(Beginning of Provided information)

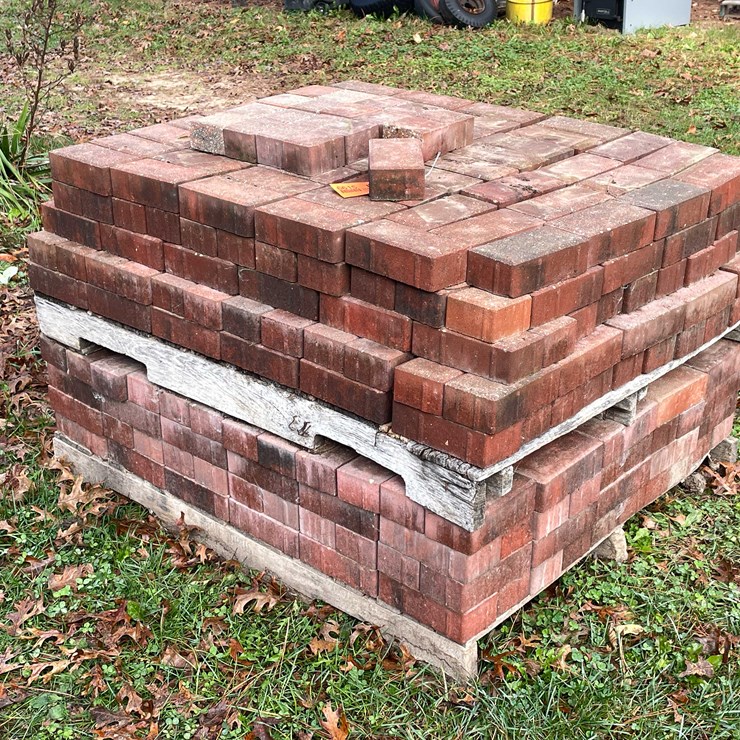 #6615 • Red and Black Patio Pavers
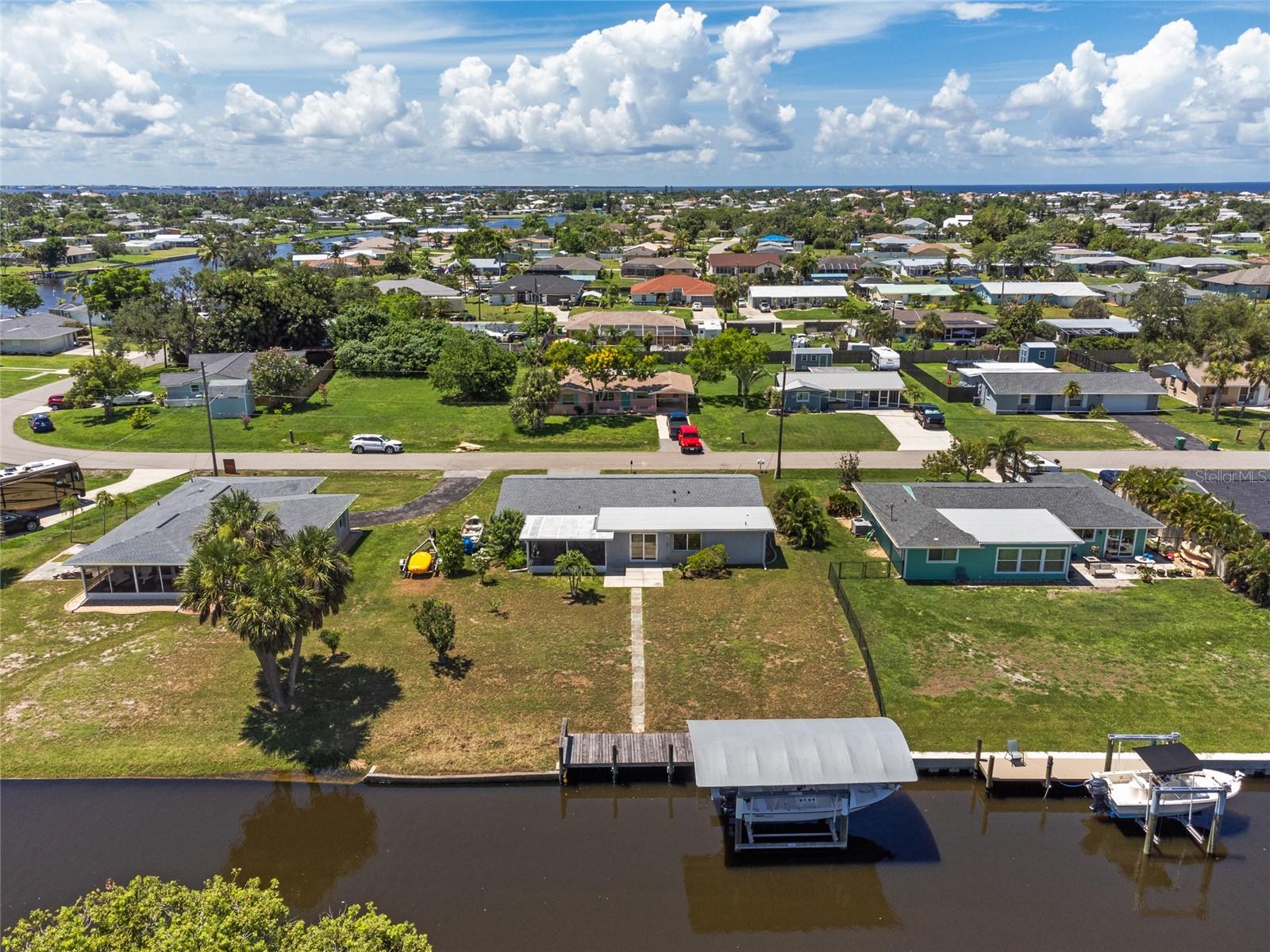 130 CONCORD DR NE, PORT CHARLOTTE, FL, 33952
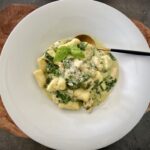 Gnocchi s kuřecím masem a špenátem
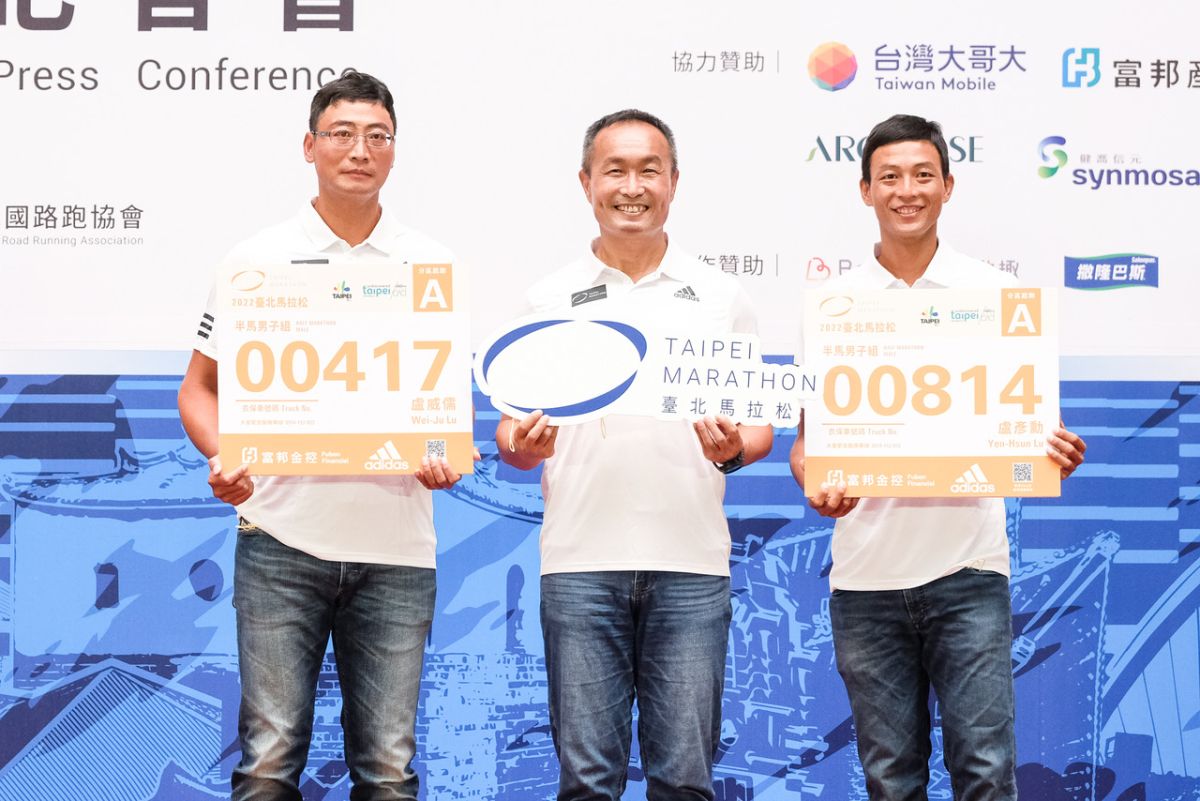 ▲活動大使盧彥勳（右）和哥哥盧威儒（左）一起參加半馬組別賽事。大會提供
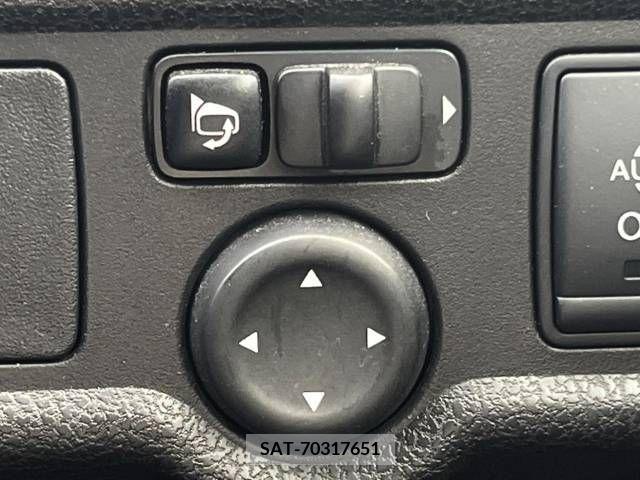 Nissan NOTE 2013-06 302313-5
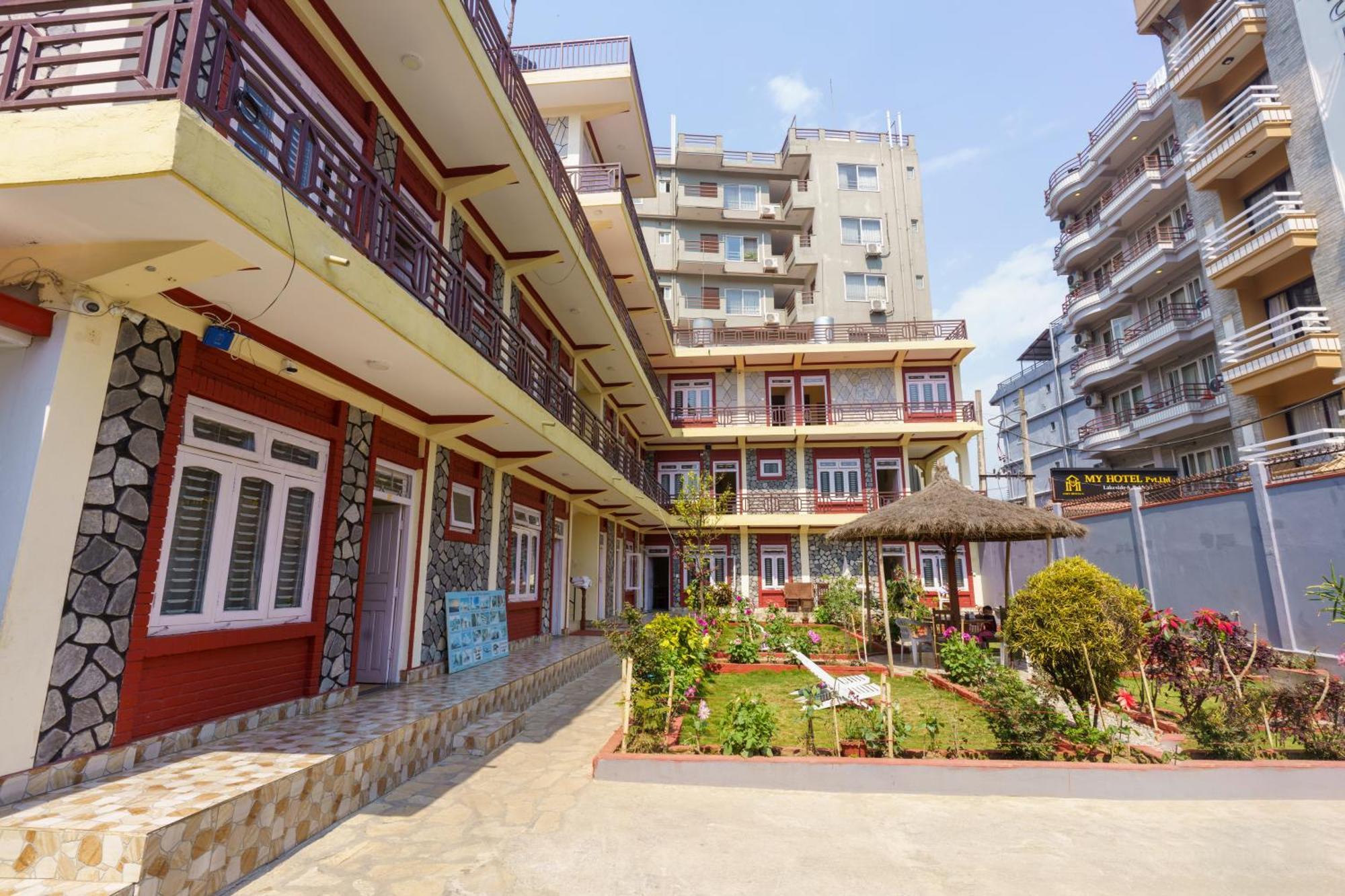 Hotel Angel Pokhara Extérieur photo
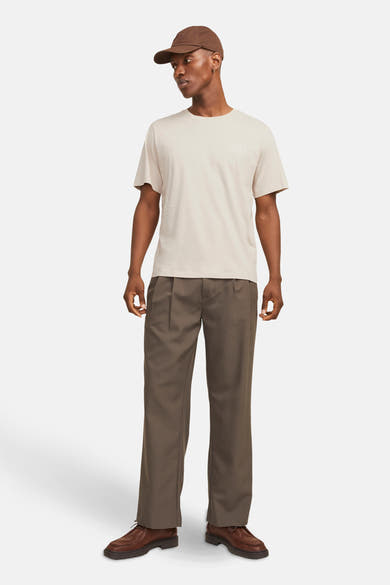 T-shirt beige à manches courtes de JACK & JONES, porté avec un pantalon marron et des chaussures en cuir.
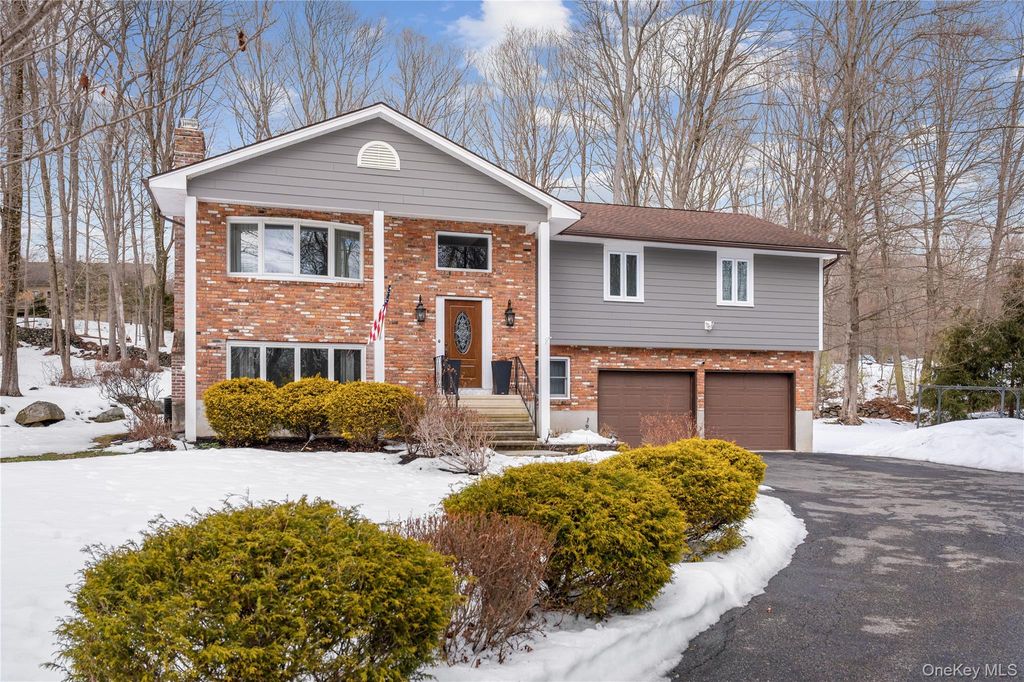 Photo of 21 Franklin Drive, Mahopac, NY 10541 (MLS # 965230)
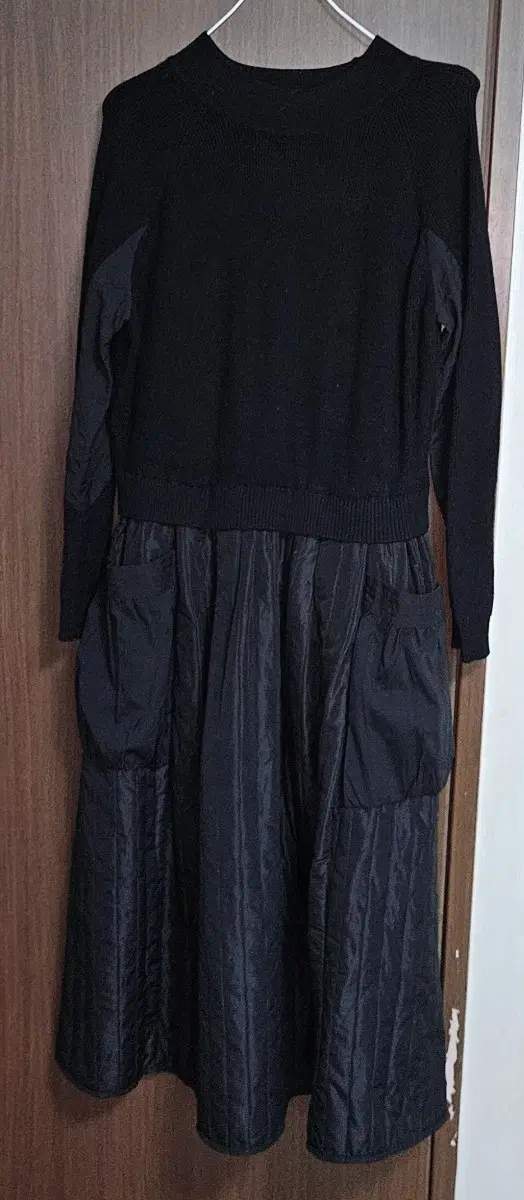 블랙 믹스매치 패딩 롱 원피스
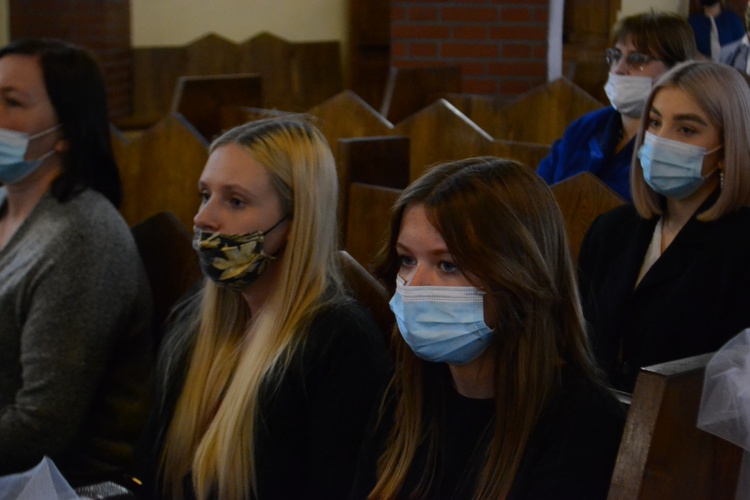 Brzesko. Bierzmowanie w Miłosierdziu, cz. 2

(End of Provided information)

• [Assigned task]: Please retype exactly the lines from the line containing "130 CONCORD DR NE, PORT CHARLOTTE, FL, 33952" through the final line of the records above, inclusive, leaving out any pictures.

• [Task answer]:
 130 CONCORD DR NE, PORT CHARLOTTE, FL, 33952
 Gnocchi s kuřecím masem a špenátem
 ▲活動大使盧彥勳（右）和哥哥盧威儒（左）一起參加半馬組別賽事。大會提供
 Nissan NOTE 2013-06 302313-5
 Hotel Angel Pokhara Extérieur photo
 T-shirt beige à manches courtes de JACK & JONES, porté avec un pantalon marron et des chaussures en cuir.
 Photo of 21 Franklin Drive, Mahopac, NY 10541 (MLS # 965230)
 블랙 믹스매치 패딩 롱 원피스
 Brzesko. Bierzmowanie w Miłosierdziu, cz. 2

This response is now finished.